# rapido electronics problems



## ulixiservi (Jun 24, 2008)

[sizeDear all

My Rapido motorhome on Fiat engine/chassis is only two years old and just out of warranty, and I wonder if any one has had a similar problem as the following with a Rapido motorhome

Starting our travels around Europe and travelling on Saturday 10th July around the circular road of NANTES in France the following happened
1. All the dash board warning lights came on and the indicator needles for speed/fuel/revs/engine temp stopped working likewise the passenger electric window would not work .
2. These lights then went off and indicator needles came back on but the airbag alarm light stayed on.
3. This happened a few times as I was driving off the ring road.
4. The lights then stayed off except for the airbag warning light which stayed on. The indictors worked but the dash boards lights did not activate to show they were working.
5. On parking up I checked all the fuses which seemed to me to be all ok.
6. Switching the engine on it was noticed that the airbag warning light stayed on and that there was a loud clicking noise coming from the relays on the side of the drivers panel likewise a loud clicking noise coming from the relays under the bed and the 12v system for the 'fridge' kept coming on and off and then staying off. The trip meter etc went back to zero.
7. Rescue was called out and I was informed it was the relays but as no one was open I would have to wait until Monday and that it should be ok to drive to a near camp site.
8. On Monday I visited a Fiat dealer who, two and a quarter hours later and them being 196 odd euros richer and me being poorer (my warranty had run out!!!! One month previous though for some reason I had thought it was a warranty for three years) told me that there was a problem with the fuses as they were corroded and maybe the fuse box needs replacing as that could be corroded. (The fuses they returned to me did not seem to me show any signs of corrosion!!) 
9. They then said they cleaned the connections and replaced 12 fuses 8 x 7.5 and 4 x 10 amp did a test drive and told me all was ok.
10. Two days later driving into Spain all the dash board warning lights started flashing on and off and then completely stayed off - again no dash board indication that the indicators nor the dipped headlamps were working (though they were) and the indicator needles stopped working and I was driving using the speed indicator from my sat nav.
11. Stopping at an Aires I and a friendly lorry driver checked ( with a fuse light pen) all the fuses again and again all seemed to be working ok.
12. The only exception to the above was that this time there was not loud clicking noise from the relays and that the 'fridge' on the 12v system kept on working.
13. I drove to a friends house again with every thing coming on and off randomly then after a while all lights went off and the indicator needles came on and stayed on and as previously the airbag warning light came on and stayed on in all of above the data (trip etc) kept on going back to zero and the total mileage stayed the same .
In Spain I finally managed to get my vehicle into a Fiat garage who after a week have informed that they have changed the fuse boxes and dashboard unit and checked all the electrics none of which has sorted out the faults - the faults still are there with the changed units.

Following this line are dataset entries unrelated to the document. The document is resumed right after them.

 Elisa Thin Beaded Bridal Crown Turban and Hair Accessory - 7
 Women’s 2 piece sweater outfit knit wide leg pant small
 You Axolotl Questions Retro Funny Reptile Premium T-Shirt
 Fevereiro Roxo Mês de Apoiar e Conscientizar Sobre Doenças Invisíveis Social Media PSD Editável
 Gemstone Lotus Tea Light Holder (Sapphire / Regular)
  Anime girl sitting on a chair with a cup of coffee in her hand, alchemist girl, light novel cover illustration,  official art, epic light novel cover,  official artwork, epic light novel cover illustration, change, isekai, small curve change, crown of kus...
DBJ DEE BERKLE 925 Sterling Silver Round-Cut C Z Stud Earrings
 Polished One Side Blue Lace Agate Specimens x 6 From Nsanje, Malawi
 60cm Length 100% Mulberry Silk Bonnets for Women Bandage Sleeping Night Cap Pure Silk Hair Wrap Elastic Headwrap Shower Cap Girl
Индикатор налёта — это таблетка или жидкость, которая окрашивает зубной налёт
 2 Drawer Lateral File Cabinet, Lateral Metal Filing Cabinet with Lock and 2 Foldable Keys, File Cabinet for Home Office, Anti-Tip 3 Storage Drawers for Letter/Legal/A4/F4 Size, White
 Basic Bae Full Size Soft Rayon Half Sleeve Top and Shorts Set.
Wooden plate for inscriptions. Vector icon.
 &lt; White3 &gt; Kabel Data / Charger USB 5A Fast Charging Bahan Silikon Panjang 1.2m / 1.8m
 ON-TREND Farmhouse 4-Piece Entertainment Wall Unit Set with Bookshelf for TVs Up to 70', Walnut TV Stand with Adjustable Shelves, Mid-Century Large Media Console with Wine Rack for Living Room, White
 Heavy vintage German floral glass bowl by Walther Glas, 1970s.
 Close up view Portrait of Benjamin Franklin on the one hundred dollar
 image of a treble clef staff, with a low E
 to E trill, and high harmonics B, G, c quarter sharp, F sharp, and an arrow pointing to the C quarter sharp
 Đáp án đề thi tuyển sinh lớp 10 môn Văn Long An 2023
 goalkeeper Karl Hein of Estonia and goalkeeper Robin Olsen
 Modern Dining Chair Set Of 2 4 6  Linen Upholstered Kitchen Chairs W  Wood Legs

It is their opinion that the fault is in the onboard computer which they say is behind the dashboard and that this unit is nothing to do with Fiat but a Rapido unit.

I would be most grateful for any guidance help advice on this problem.

Regards

Graham Jenner

=12] [/size]


----------



## aultymer (Jun 20, 2006)

> nothing to do with Fiat


Why am I not surprised at this statement from a Fiat garage?


----------



## JohnsCrossMotorHomes (Jul 21, 2007)

Hi,

No converter control unit has anything to do with electric windows, air bag lights or dash board indicators, they are all part of the cab and not habitaion which is basically what the converters unit controls ( the fridge picks up a signal from the engine management sytemn)

Having spoken to Paul at Caravannes Rapido Wokingham, he asures me its a FIAT problem as I thought in the first place.

Peter


----------



## trek (May 1, 2005)

Could be an earth fault !


check ALL the earthing points are clean & done up tight


recently had one hell of a battle with my sons Citroen car (SPEEDO & all instruments would stop working , wipers would start going on their own Heater fan would not work intermitantly - funny noises from relays & power steering pump in engine bay.)

we had worked out it was an earth fault but just couldn't find the faulty earthing point - the faulty earth point wasn't shown in the diagrams / Haynes book as it was a right hand drive car ! eventually found it in drivers side foot well

the earth bolt had slowly undone itself over the years from the body earthing point and the earth cables were therefore very loose underneath causing these odd intermitant faults


----------



## trek (May 1, 2005)

was it raining when these faults occurred or the vehicle wet / damp?

did the garage say there were any fault codes recorded in the ECU ?


----------



## trek (May 1, 2005)

have a search on the web for ideas eg :-

http://www.fiatforum.com/ducato/223921-speedometer-2006-2-8-jtd.html

http://www.fiatforum.com/punto/231092-instruments-gremlins-total-blackout.html


----------